«Mon mec a l’âge de mon père, mais il est blindé»

  • Dans le canton de Genève, le phénomène des Sugar Babies prend de l’ampleur.
  • Le principe? Une jeune femme, souvent étudiante, est entretenue par un homme riche, mais seul.
  • Les milieux de prévention de la prostitution se sentent démunis face à cette tendance.

  • En devenant Sugar Baby, les jeunes femmes peuvent facilement devenir accros à l’argent. 123RF/MUSTACHEGIRL

    En devenant Sugar Baby, les jeunes femmes peuvent facilement devenir accros à l’argent. 123RF/MUSTACHEGIRL

«Mon Sugar Daddy me file de l’argent, mais il me paie aussi des sacs et des chaussures»

Carolina, 23 ans, Sugar Baby

Carolina* a 23 ans. D’origine sud-américaine, la jeune femme étudie le droit à l’université. La différence avec ses camarades de cours, c’est qu’elle gagne 6000 francs par mois sans travailler. Son secret? Se faire entretenir par un riche homme d’affaires de la région. «Mon mec a 55 ans, exactement l’âge de mon père. Mais à la différence de mes parents, il est blindé de thunes. Nous nous sommes rencontrés sur un site internet qui met en relation des gars riches avec de jolies filles à la peine financièrement.»

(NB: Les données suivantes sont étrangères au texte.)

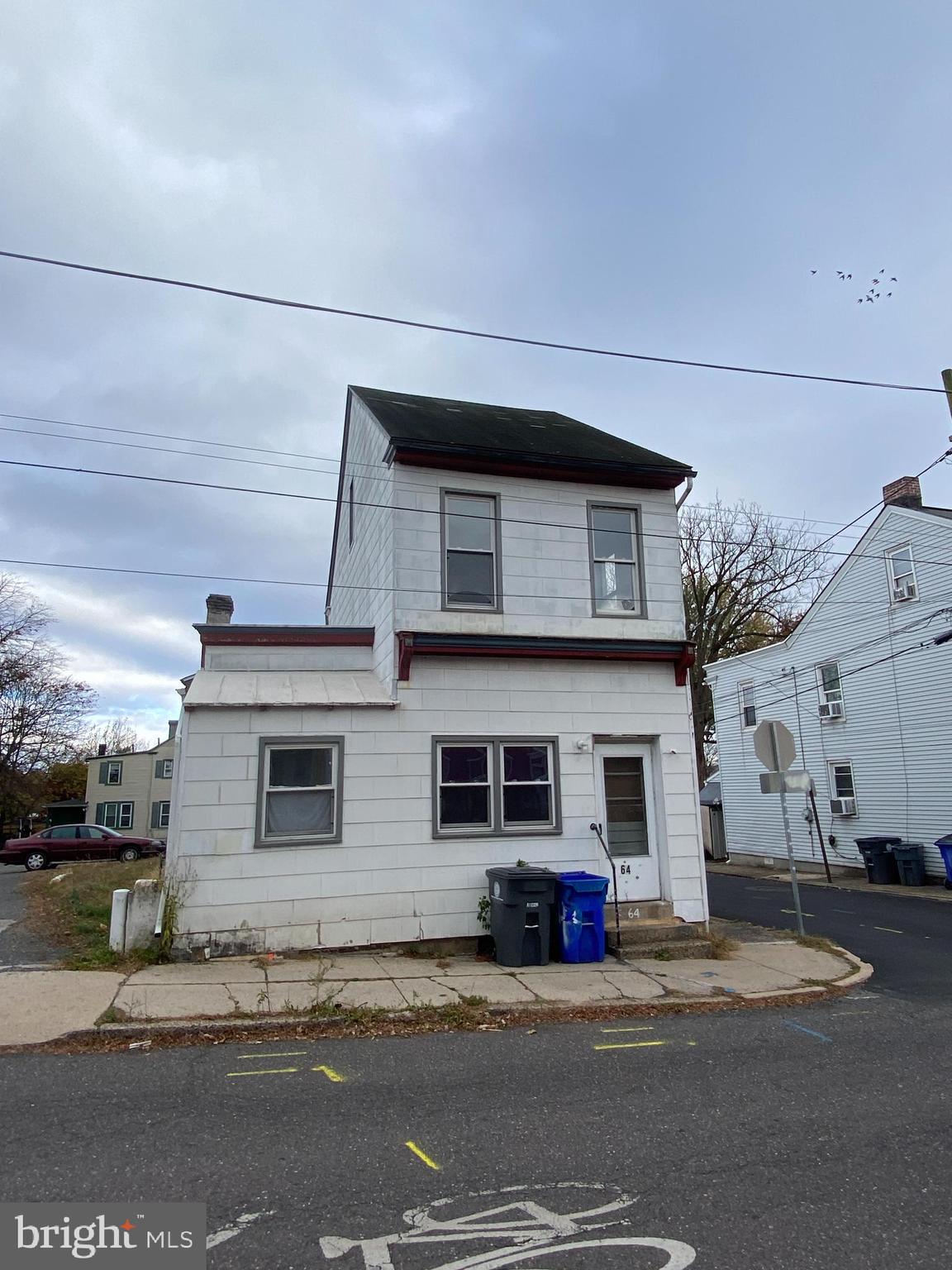 64 S EVANS STREET UNIT 2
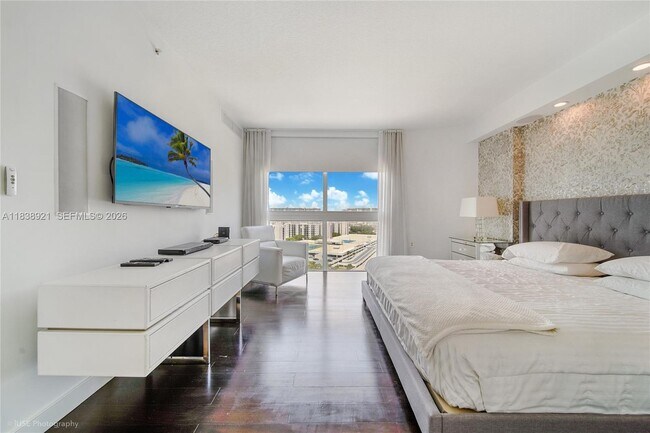 Building Photo - 150 Sunny Isles Blvd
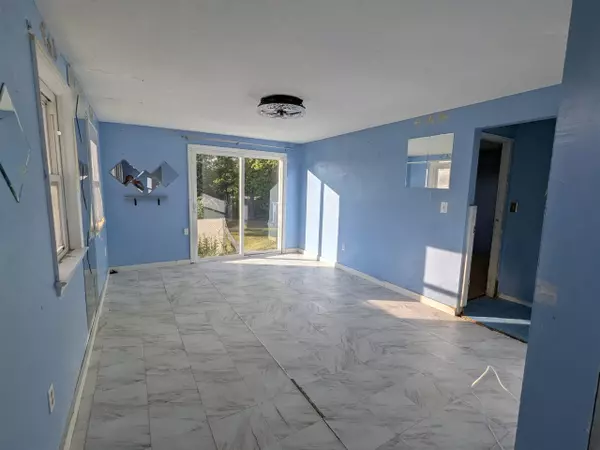 Derry, NH 03038,6 Michael AVE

Quand on lui demande pourquoi elle n’a pas cherché un autre travail, la réponse fuse: «Je n’arrive pas à concilier un job normal avec mes études et franchement si c’est pour me retrouver à la caisse d’un supermarché, cela n’en vaut pas la peine. Mon Sugar Daddy me file de l’argent mensuel, mais il me paie aussi des sacs et surtout des chaussures. Je connais des dizaines d’autres filles qui font la même chose en Suisse romande et elles sont de plus en plus nombreuses. C’est le meilleur métier du monde quand tu es jeune. Plus tard je serai avocate, mais en attendant je vis comme une princesse.»

Echange de bons procédés

Comme pour prouver sa bonne foi, Carolina nous met en lien avec son Sugar Daddy. Au téléphone, le «papa gâteau» est d’abord mal à l’aise, puis précise: «Un ami m’a parlé de ces sites où de très belles filles étaient prêtes à passer du bon temps avec des hommes mûrs. Ce n’est pas que sexuel. Nous allons au restaurant avec Carolina, nous passons des week-ends à Barcelone ou à Paris, c’est vraiment un bon deal. Même si elle me coûte assez cher. Je ne pense pas que l’on puisse assimiler cela à de la prostitution, je dirais plutôt que c’est un échange de bons procédés.»

Tendance cachée

S’il est croissant, le phénomène passe cependant sous les radars des milieux de prévention. Ce que confirme Isabelle Boillat, coordinatrice au sein de l’association genevoise Aspasie: «Ce n’est pas une tendance à laquelle nous sommes confrontés. Dès le moment où une personne a 18 ans, elle a le droit de pratiquer le travail du sexe en Suisse.» Même son de cloche de la part d’Aurélie Kuntschen, attachée de presse à l’Université de Genève: «Nous ne possédons aucune donnée relative à la prostitution estudiantine.»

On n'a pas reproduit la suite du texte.